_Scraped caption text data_
◇ ◇ ◇ ◇ ◇

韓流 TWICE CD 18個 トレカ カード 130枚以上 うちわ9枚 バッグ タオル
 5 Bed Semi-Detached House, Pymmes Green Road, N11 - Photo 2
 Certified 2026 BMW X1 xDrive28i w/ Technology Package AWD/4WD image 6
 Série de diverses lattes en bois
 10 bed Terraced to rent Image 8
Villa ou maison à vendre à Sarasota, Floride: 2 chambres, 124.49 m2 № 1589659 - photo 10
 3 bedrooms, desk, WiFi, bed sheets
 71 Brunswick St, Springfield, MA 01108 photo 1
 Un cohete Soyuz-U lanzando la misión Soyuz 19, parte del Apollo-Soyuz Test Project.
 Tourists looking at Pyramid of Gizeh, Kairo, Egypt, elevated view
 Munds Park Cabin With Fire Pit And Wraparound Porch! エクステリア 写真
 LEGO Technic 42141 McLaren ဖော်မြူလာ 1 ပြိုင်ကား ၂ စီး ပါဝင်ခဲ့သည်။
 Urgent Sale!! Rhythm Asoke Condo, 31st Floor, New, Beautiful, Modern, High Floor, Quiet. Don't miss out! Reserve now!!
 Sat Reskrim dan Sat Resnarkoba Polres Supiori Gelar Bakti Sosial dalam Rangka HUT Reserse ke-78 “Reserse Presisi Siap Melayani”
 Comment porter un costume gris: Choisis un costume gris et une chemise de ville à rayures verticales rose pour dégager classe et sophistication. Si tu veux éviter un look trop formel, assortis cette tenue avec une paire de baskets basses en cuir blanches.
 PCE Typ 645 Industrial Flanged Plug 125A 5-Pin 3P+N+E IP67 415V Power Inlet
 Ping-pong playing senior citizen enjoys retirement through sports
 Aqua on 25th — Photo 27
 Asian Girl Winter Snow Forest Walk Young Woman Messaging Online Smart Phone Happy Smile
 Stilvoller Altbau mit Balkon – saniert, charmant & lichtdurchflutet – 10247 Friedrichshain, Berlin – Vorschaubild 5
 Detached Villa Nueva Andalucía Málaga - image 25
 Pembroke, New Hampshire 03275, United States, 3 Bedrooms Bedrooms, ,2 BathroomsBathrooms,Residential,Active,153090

◇ ◇ ◇ ◇ ◇

_Assigned task_
From the records above, copy every line that includes the word "Detached".

_Solution to the exercise_
 5 Bed Semi-Detached House, Pymmes Green Road, N11 - Photo 2
 Detached Villa Nueva Andalucía Málaga - image 25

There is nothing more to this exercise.